It’s always gratifying to have an article, essay or book accepted for publication especially if one is paid well and/or the subject is deserving of attention. Gathering material for a story, writing it, working it, submitting, and then collaborating with a good editor—the arduous process is rewarded with a sale. But it’s not the only reward. People respond to the work with commentary online or letters to the editor, or they contact the writer with a personal anecdote, a question, a criticism, or a correction. My preference is to answer everything I receive in a timely manner with courtesy and attention—even the critical comments. After all, I have sent my writing out into the public sphere and this implies an obligation to those who read it.

In the case of the Egon Schiele piece, which explores the oddity of my father’s art collection among other things, the response has been both heartwarming and critical. I have been invited for drinks, invited to peruse documents that might change my mind, and I have discovered cousins I never knew existed. Quite a ride.

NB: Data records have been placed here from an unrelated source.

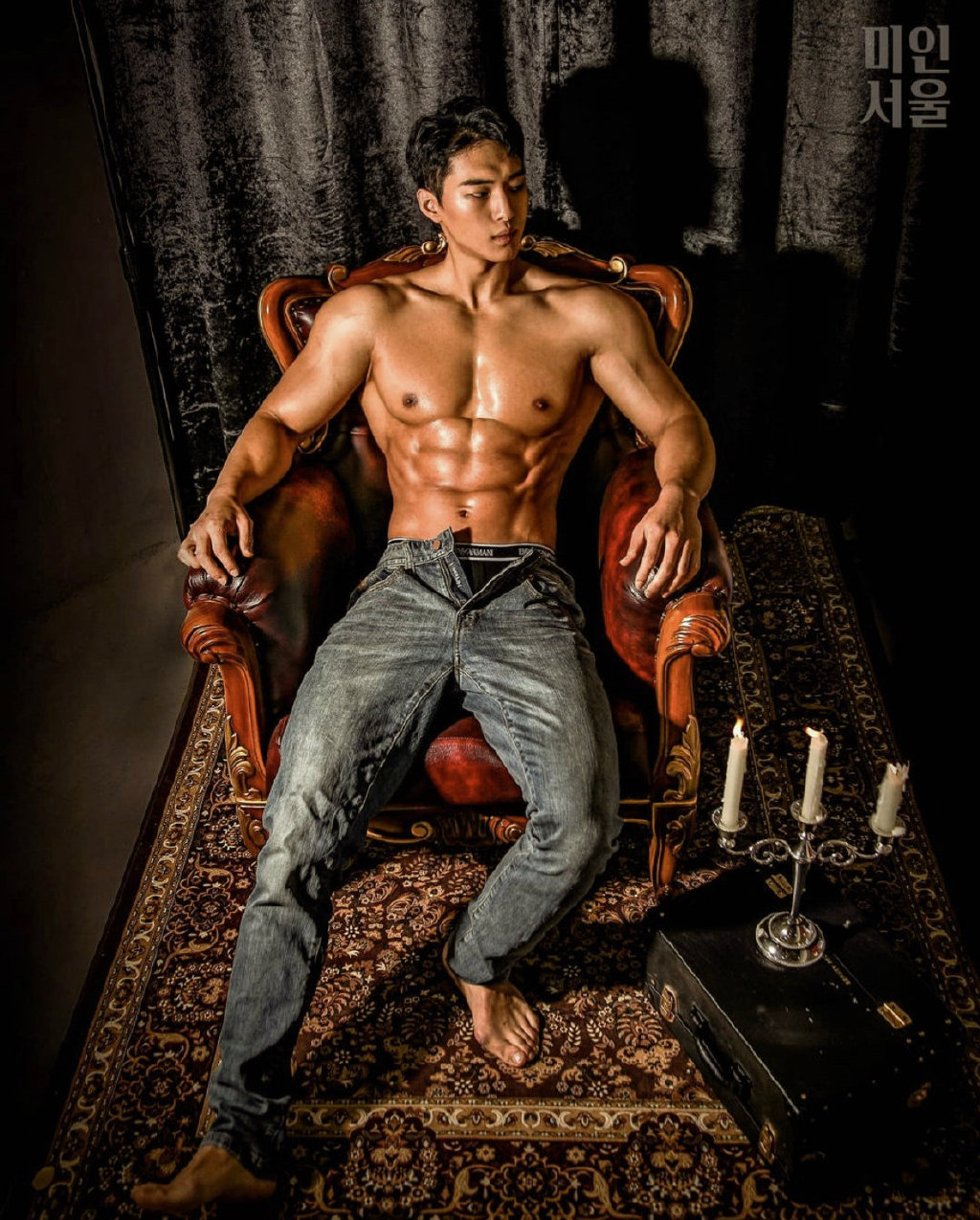 男人见到身材好的就冲动（看见身材好的男生就有反应）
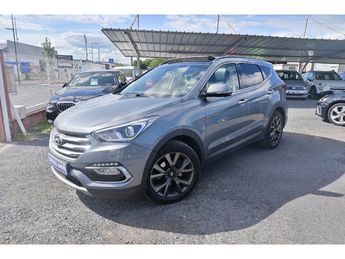  Voir d&eacute;tails -Hyundai Santa Fe 2.2 CRDi 200 4WD BVA Executive &agrave; Cournon-d'Auvergne (63)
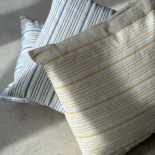 CUSHION COVER STRIA YELLOW CUSHION COVER STRIA YELLOW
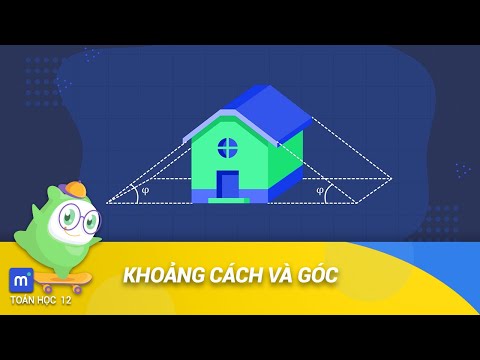Video Làm sao tính được khoảng cách và góc trong không gian?... - youtube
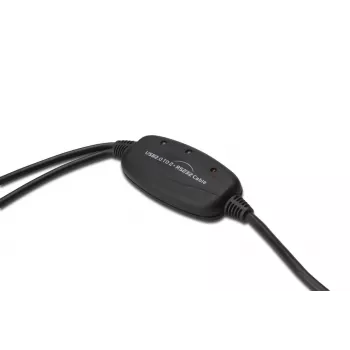 DIGITUS USB 2.0 To 2x Rs232 Cable 1.5m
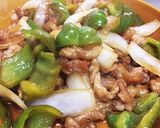 豚肉とピーマンのサッパリ炒め作り方7写真
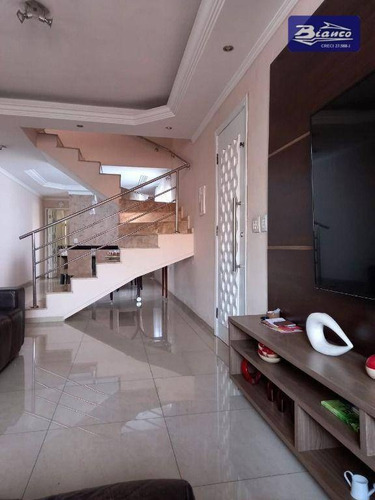 Imagem 9 de 29 de Sobrado Com 4 Dormitórios À Venda, 193 M² Por R$ 1.080.000,00 - Jardim Santa Mena - Guarulhos/sp - So1814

Once in London, after writing a controversial article for The Times Educational Supplement about racism in the British school system, I was asked to testify in the House of Lords. I had been invited by a Lord who liked the article and wanted to use it in defense of new proposed legislation. In the midst of a hot debate during which I remained silent, another Lord got up and suggested I return to the United States where I belonged. Of course, he was extremely polite and called me Mrs. Bergman. I was very young and inexperienced . The flattery of the invitation had trumped my journalistic scepticism and I felt stung. It took me a while to understand that I’d done nothing wrong. The article had legs.